Dirac

Dirac debruçava-se sobre seu caderno, e rabiscava “oks” nos itens que havia concluído no corrido dia de trabalho, dia que foi além da normal da correria de suas funções, já que fora promovido a conselheiro sênior, quando o quadro de mensagens piscou.

“Abrir mensagem”. Falou, e leu:

“Oi, percebi… + amanhã a gente conversa então… mal que não atendi sua ligação, tava no fone… Tô melhor sim! Bjao até amanhã”

Seu aparelho de voz estava danificado, aparentemente, por causa dos dias de borrasca que enchiam os conduítes de sua residência com a água escura que vinha dos céus e interferiam nos sistemas elétricos em geral, portanto, não conseguiria ligar para ela novamente, apenas escrever.

A mensagem era uma resposta da Princesa ao recado que ele enviara a alguns minutos, e era evidente que ela tentara entrar em contato com Dirac, que ficou puto com o defeito em seu aparelho…

Queria falar com ela, achava até em determinados momentos, que precisava. Entretanto sentiu-se reconfortado por saber que ela lembrava dele e que em breve iriam se encontrar.

Voltou ao trabalho, mas não conseguia mais se concentrar. A imagem, o aroma, os sons e o toque da Princesa vinham a cada instante invadir seus pensamentos, a irradiar uma sequência meio desconexa de lembranças remixadas com trechos de futuros prováveis e devaneios novos e antigos.

Lembrou-se, por exemplo, enquanto tentava decidir se um dos itens da sua lista ele mesmo tomaria conta ou delegaria a um subordinado, de a estar ensinando sobre os níveis de abstração necessários para se compreender um determinado subsistema comercial, e a falta de concentração que a presença da garota lhe causava… Cada som que vinha de seus lábios (junto com seus movimentos), cada vez que seus braços se encostavam, quando sentia o perfume de seus cabelos, se perdia mais e mais.

E a porta se abre, e por ela entra o Rei, a se queixar da incompetência de seus súditos, nervoso com seus escravos, se queixando de tudo e de todos… E Dirac a escutar as lamúrias do velho, mas como se estivesse enfeitiçado, não conseguia fazer com que seus olhos não se voltassem para o rosto da Princesa.

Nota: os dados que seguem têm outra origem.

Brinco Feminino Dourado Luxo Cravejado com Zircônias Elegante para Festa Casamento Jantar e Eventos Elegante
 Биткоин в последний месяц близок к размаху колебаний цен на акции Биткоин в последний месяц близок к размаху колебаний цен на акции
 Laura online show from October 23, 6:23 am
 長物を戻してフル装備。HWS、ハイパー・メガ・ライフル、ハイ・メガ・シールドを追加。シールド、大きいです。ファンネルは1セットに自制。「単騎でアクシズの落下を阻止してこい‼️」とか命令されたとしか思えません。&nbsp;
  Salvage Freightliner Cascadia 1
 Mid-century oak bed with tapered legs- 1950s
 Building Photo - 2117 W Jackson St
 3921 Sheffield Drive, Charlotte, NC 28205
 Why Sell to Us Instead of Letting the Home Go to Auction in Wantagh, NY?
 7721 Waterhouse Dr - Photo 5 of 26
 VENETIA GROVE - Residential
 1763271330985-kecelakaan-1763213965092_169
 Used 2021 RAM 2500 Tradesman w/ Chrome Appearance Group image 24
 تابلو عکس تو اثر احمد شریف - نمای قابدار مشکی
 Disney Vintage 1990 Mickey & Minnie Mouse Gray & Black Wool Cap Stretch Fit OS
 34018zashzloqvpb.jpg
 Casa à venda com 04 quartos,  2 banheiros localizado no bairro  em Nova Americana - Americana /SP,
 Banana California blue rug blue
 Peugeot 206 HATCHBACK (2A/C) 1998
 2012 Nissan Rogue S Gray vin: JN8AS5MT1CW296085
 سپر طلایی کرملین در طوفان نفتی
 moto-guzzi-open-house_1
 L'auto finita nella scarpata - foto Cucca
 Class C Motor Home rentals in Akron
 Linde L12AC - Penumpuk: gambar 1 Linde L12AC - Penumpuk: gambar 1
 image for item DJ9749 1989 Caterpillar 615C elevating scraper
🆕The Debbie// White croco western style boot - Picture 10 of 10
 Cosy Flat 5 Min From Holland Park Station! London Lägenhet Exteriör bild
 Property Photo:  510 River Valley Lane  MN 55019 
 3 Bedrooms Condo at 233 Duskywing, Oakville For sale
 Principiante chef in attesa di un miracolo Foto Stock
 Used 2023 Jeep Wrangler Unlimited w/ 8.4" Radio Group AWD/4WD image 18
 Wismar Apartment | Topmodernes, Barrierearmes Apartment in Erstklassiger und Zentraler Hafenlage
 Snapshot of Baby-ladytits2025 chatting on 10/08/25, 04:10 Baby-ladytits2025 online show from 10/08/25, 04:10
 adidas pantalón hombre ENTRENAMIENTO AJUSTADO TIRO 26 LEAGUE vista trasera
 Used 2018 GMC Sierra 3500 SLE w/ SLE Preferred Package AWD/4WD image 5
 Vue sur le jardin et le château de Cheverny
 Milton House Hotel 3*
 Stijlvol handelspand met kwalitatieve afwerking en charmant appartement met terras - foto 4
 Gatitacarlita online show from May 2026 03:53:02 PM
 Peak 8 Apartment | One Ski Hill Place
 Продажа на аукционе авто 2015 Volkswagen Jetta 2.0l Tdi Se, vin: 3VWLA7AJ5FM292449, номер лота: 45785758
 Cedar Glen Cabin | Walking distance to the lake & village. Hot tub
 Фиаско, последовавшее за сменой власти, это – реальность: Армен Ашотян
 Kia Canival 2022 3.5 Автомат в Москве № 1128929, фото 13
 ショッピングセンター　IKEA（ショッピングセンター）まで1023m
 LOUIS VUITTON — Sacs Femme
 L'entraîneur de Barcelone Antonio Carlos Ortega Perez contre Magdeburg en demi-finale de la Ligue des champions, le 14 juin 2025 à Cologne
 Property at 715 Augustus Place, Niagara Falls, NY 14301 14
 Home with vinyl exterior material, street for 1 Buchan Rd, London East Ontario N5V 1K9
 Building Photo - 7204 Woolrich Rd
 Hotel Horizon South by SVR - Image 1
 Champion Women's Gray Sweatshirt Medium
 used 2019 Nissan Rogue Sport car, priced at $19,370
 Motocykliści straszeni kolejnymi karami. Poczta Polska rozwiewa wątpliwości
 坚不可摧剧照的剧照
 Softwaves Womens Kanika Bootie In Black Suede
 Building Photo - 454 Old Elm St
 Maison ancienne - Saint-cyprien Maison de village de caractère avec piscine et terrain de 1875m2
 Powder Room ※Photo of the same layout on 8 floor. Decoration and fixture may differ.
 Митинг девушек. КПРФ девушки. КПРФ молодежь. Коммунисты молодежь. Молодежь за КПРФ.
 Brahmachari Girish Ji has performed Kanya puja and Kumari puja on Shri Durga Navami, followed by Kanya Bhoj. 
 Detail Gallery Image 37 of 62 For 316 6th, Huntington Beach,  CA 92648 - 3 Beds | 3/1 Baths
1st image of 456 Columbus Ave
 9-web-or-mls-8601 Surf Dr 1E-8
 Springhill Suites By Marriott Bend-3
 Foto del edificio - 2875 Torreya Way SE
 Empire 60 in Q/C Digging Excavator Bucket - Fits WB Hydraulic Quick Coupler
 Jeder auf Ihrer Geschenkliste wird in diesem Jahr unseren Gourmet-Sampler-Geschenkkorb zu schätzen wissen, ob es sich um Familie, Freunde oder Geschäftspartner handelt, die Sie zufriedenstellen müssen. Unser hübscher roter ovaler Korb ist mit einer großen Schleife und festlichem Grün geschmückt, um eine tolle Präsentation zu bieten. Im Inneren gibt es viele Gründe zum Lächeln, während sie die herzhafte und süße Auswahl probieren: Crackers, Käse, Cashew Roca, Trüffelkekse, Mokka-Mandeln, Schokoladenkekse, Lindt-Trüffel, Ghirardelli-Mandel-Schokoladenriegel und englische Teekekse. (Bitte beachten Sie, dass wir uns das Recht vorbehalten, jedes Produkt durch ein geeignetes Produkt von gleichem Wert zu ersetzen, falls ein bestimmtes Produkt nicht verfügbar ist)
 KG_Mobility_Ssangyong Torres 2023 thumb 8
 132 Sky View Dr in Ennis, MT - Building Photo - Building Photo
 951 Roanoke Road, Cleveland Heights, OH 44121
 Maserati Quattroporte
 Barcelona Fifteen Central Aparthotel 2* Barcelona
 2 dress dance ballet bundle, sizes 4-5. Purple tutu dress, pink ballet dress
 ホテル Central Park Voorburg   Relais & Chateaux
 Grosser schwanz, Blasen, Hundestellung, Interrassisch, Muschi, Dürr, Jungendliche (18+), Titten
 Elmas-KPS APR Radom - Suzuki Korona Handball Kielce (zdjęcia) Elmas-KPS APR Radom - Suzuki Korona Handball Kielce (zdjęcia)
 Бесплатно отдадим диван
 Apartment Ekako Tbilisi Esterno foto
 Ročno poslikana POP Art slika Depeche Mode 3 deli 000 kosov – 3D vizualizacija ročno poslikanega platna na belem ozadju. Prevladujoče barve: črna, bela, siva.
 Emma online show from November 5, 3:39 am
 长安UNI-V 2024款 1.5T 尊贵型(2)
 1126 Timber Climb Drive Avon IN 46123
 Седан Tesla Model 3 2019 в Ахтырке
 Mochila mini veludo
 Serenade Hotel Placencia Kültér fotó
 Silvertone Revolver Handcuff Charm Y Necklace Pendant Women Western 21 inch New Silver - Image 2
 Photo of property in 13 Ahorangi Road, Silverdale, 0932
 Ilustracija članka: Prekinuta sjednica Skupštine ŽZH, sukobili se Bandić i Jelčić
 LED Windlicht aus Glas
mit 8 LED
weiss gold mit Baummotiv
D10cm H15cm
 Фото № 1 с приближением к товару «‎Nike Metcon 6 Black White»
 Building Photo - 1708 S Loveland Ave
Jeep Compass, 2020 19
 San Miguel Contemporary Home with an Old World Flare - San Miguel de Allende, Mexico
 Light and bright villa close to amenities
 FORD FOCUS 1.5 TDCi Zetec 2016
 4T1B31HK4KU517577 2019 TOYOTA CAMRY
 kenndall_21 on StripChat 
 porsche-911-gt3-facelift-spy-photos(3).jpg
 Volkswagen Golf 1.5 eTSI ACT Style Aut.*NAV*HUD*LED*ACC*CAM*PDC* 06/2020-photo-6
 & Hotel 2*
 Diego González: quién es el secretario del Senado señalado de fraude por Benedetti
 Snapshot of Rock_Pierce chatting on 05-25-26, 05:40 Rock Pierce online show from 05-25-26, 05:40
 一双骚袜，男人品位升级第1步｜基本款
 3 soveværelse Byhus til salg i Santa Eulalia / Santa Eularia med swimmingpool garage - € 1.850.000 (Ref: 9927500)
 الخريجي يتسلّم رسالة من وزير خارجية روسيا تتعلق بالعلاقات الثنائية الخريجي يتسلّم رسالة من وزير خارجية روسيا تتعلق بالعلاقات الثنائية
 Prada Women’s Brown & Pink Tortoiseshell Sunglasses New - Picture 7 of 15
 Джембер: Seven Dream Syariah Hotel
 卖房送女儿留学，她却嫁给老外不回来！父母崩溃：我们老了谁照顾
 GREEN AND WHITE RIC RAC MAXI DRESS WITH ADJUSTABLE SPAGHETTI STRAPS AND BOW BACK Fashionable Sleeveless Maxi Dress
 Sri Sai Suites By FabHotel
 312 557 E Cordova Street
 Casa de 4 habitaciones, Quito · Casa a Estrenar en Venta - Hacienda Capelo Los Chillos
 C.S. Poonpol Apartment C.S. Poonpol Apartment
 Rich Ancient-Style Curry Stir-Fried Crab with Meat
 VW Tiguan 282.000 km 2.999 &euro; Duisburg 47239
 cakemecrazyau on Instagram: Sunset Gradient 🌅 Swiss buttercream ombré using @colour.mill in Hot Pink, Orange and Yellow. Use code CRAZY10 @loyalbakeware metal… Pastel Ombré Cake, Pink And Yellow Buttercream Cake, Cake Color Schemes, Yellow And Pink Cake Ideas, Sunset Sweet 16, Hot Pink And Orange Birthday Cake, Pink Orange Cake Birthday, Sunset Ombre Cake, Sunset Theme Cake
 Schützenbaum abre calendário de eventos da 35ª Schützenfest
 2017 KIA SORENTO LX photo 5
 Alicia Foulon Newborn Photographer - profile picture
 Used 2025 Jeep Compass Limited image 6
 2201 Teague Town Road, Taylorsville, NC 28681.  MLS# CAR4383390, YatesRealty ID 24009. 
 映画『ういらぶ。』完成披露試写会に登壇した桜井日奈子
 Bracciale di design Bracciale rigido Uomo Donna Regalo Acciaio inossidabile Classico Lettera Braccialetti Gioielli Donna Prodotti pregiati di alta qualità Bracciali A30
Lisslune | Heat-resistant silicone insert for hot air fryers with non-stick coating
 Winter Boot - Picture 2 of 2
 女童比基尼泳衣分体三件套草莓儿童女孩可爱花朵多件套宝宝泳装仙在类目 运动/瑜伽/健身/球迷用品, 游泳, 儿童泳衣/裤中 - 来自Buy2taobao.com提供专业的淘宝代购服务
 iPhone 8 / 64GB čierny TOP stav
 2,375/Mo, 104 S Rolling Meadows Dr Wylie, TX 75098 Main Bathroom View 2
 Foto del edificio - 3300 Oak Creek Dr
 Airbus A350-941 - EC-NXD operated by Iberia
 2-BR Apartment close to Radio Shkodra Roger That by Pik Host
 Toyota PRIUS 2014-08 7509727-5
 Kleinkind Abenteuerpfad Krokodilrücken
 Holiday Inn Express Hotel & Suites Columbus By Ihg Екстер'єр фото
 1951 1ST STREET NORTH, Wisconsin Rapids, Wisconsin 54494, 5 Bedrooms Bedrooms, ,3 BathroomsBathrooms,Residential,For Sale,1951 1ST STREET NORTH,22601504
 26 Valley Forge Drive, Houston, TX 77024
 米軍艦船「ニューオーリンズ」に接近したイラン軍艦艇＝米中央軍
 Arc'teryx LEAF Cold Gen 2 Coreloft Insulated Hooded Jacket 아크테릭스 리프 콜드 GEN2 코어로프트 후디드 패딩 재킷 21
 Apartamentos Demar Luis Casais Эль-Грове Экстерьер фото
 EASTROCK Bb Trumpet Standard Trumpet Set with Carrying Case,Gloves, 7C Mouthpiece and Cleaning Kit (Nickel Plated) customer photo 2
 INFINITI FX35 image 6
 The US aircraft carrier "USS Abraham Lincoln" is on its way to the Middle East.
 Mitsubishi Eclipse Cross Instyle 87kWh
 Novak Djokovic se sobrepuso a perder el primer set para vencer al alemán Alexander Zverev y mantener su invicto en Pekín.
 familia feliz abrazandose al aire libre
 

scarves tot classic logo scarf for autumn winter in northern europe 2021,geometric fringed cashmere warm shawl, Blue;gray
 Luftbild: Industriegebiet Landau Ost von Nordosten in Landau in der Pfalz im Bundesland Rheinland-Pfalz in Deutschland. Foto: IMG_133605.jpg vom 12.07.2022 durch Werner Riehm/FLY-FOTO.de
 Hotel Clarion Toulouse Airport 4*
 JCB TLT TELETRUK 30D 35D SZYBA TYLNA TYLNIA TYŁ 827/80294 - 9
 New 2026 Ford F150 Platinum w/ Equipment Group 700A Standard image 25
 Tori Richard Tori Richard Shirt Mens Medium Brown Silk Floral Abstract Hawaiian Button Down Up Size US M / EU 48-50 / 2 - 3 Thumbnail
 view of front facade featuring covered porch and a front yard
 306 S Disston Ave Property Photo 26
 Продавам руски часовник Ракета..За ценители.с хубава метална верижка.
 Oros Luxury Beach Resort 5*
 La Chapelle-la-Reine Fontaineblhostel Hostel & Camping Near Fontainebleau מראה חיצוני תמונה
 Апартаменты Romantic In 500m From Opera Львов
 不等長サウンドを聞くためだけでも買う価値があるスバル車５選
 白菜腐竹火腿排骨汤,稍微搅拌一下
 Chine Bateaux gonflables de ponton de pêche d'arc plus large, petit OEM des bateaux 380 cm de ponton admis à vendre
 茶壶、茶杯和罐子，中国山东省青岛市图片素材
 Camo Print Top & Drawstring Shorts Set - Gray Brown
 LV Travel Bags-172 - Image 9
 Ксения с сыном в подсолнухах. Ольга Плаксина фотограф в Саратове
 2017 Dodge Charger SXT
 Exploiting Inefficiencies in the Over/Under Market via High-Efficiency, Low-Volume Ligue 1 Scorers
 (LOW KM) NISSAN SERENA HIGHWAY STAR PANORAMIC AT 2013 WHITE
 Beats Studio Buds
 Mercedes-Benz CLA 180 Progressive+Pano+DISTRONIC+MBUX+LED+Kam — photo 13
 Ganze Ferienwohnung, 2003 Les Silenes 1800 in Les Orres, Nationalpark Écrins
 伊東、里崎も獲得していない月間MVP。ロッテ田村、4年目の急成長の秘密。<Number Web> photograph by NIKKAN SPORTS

Hoje ele fora alertado pela financista chefe do reinado sobre a possibilidade de a Princesa estar interessado nele. E ouviu passivamente sobre os riscos, não só para sua carreira, mas também para sua integridade física, e um caso onde um rapaz que, ao cortejar a Princesa, desapareceu misteriosamente quando o Rei descobriu que havia algum envolvimento entre eles.

Concordou com a velha, dizendo que tomaria cuidado e que ela não se preocupar com isso, já que ele não era mais moleque, e saberia perfeitamente contornar a situação sem, obviamente, ferir os frágeis sentimentos da Princesa.

Uma mentira parcial. Sabia se virar e não intencionava magoar a Princesa, é claro… Sua mente, embora meio confusa ultimamente, sabia muito bem lidar com certos tipos de situação, e era mestre na arte da dissimulação… Disse apenas o necessário para que a velha ficasse calada.

O maior problema é que sabia que queria estar com ela… Queria como nunca antes quis alguém… A situação estava além do seu campo de compreensão… Mesmo distante dela, sentia seu cheiro, imaginava seu sabor, se pegava divagando sobre o seu abraço, acordou algumas vezes como se procurando por alguém, e esse alguém era a Princesa.

Sabia que queria estar com ela e sabia das impossibilidades disso acontecer. O Rei jamais aceitaria que um subordinado seu se envolvesse com sua filha… Mas o envolvimento já havia começado, e agora tinha medo de perdê-la.

E a noite passava. O barulho da chuva era agora menos forte, ele tinha ainda um relatório a concluir, colocou uma sequência de músicas animadamente pesadas e barulhentas. Abriu uma garrafa da vodca barata que comprou a caminho de casa, colocou uma generosa dose em um copo de metal, e o entornou goela abaixo, e enquanto seus nervos se acalmavam, fechou os olhos, lembrando do sorriso da Princesa por mais alguns instantes, para em seguida retornar ao trabalho.